When I talk to the people who express the kind of thoughts about welfare that Drum describes, they aren’t only white, they aren’t only those without college degrees, and they aren’t “angry” at “the poor.” They’re angry that they have played by all the rules they were given when they were young — get an education, work hard at a job, raise a family, etc. — and they have stopped getting ahead, if they ever were.
These people, many of whom do vote Republican, look askance at two groups: the wealthy who are getting ahead, and what Drum calls the “undeserving poor.” (That’s an inapt phrase, actually: What I think he means is they are deserving of being poor and undeserving of the benefits they receive.) And in both cases, they resent the laws, and the politicians who made them, that have disproportionately helped these groups. This is the essence of the tea party, which railed against Wall Street bailouts just as much as against spendthrift welfare programs.
Here’s the difference: While these people resent Wall Street bailouts, and loopholes and crony capitalism that benefit the well-heeled and well-connected, they recognize and respect the contributions the wealthy made along the way. They understand — contra populist-mode Hillary Clinton — that corporations create jobs, because many of them work at one of those corporations. They recognize that corporations generally have humble roots in entrepreneurship, and they want to see more success stories, not fewer. They just don’t want the Microsofts, Googles, Boeings, etc. of the world to use that financial power to rewrite the rules in their favor. They blame Republicans in large part for collaborating in that effort. And a lot of Republicans understand this and have been preaching a center-right version of populism; see the talk about defunding the Ex-Im Bank, attacking subsidies for green energy firms, and lowering payroll taxes for working families, among other things. You can expect this to be a major theme in the 2016 elections — unlike in 2012, when the GOP harped on President Obama’s “you didn’t build that” comment but didn’t offer more than that to those who aren’t entrepreneurs but rather work for them (or the companies they built).
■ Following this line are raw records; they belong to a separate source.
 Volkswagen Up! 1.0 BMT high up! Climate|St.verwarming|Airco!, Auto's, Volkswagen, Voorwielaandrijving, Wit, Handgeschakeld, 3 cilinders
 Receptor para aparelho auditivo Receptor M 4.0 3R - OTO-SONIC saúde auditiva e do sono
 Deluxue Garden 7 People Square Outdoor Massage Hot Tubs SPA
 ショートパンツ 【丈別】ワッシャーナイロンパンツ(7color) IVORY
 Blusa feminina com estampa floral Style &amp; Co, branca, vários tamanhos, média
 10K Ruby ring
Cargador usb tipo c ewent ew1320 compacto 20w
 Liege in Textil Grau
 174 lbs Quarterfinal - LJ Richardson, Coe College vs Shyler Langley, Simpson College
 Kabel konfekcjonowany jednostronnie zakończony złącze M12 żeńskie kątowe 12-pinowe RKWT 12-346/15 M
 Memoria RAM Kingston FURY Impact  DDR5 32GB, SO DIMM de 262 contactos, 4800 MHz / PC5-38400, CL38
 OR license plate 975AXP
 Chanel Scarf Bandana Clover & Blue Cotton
But these people have no such recognition or respect for the “undeserving poor,” or what others have called “moochers.” As Drum notes, this does not encompass all of the poor; there is a distinction. Many of these people give their time and money to what I will call by way of distinguishing them (with my earlier objection to the phrase still in place) the “deserving poor.” But they know all too well that there are plenty of people on the dole who could be contributing instead, and they resent that without any of the mitigating factors I described for those at the other, upper end of the income scale.
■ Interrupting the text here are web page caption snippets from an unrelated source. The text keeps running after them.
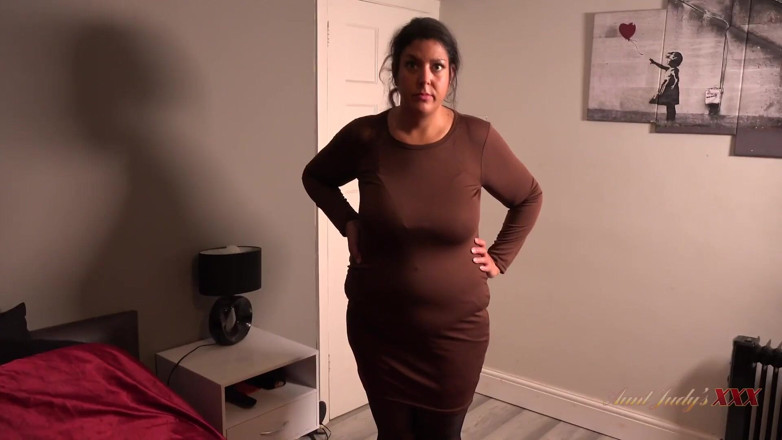 Aunt Judy's XXX: AuntJudysXXX - Your Busty BBW Landlady Cassy Catches You with Her...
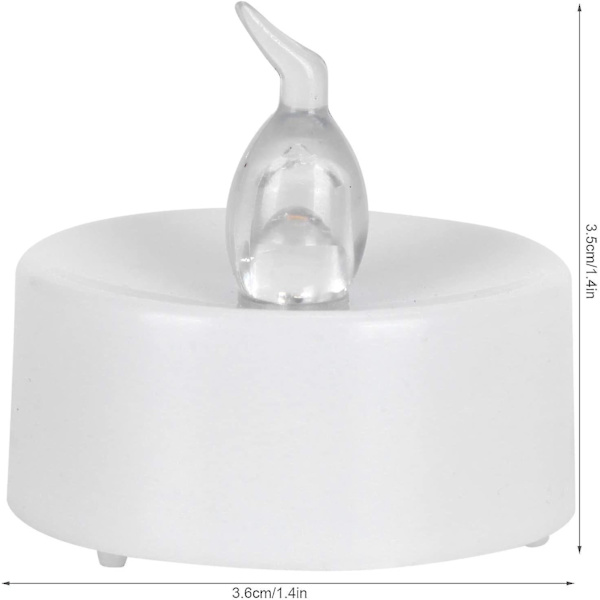 12 st LED-ljus med smart timer, varmt vitt ljus, batteridriven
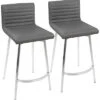 Lumisource Set Of 2 Mason Swivel Counter Stools Home 1 Lumisource Set Of 2 Mason Swivel Counter Stools Home -Ruelala 3050087061 RLLD 1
Yet up to and including last month’s election, Democrats showed no understanding of, much less sympathy for, their attitude. In fact, Democrats were more apt to tell them they already cared for these people. Didn’t we pass Obamacare for you? Never mind that, as Schumer indicated, the response from these voters was, No, you most certainly did not pass Obamacare for “me.”
So the importance of Schumer’s speech depends on the degree to which he was speaking for other Democrats and/or can talk them into sharing his belief. I have long thought the Senate Democrats would have been much more formidable — and successful in both policy and politics — had Schumer been majority leader rather than the feckless, cynical Harry Reid.
Chances are, I will still disagree with much of what Schumer would prescribe for the problem. But at least he understands the problem.